Search code examples
rsamplesapply

Using sapply to sample with pre-defined probability


I'm using sample function with pre-defined probability.

I made this code and it worked fine. However, there is no way to check I've done my job right. Would anybody check my work and evaluate it?

df <- structure(list(A=c("A","B","C","D","E","F","G"),
                     probs=c(0.2,0.4,0.6,0.8,0.3,0.7,0.9)),
                Names = c("name","probs"), class = "data.frame", row.names = c(1:7))

df$pred<-sapply(df$probs,function(x) sample(c("Yes","No"),1,prob=c(x,1-x),replace=TRUE))
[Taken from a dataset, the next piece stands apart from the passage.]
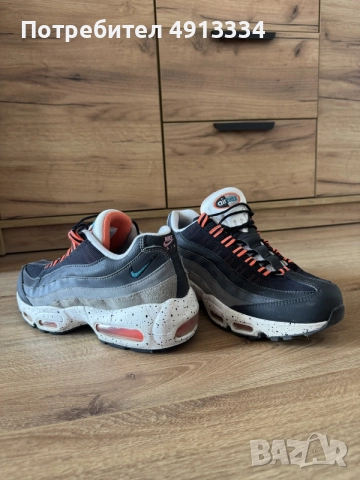 Обувки Nike Air Max 95, снимка 4 - Маратонки - 55600712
In df, probs is pre-defined probability of saying "yes". I used sapply with each probs, and applied sample function.


Solution

  • A way to check this would be to increase the sample size and check the proportion.

    n <- 1e6
    set.seed(123)
    sapply(df$probs,function(x) 
              table(sample(c("Yes","No"),n,prob=c(x,1-x),replace=TRUE))/n)
    
    
    #       [,1]     [,2]    [,3]     [,4]     [,5]     [,6]     [,7]
    #No  0.80006 0.599886 0.40003 0.200072 0.699906 0.299314 0.100044
    #Yes 0.19994 0.400114 0.59997 0.799928 0.300094 0.700686 0.899956
    

    As we can see that all the "Yes" values is almost same as df$probs we can say that what we have is correct.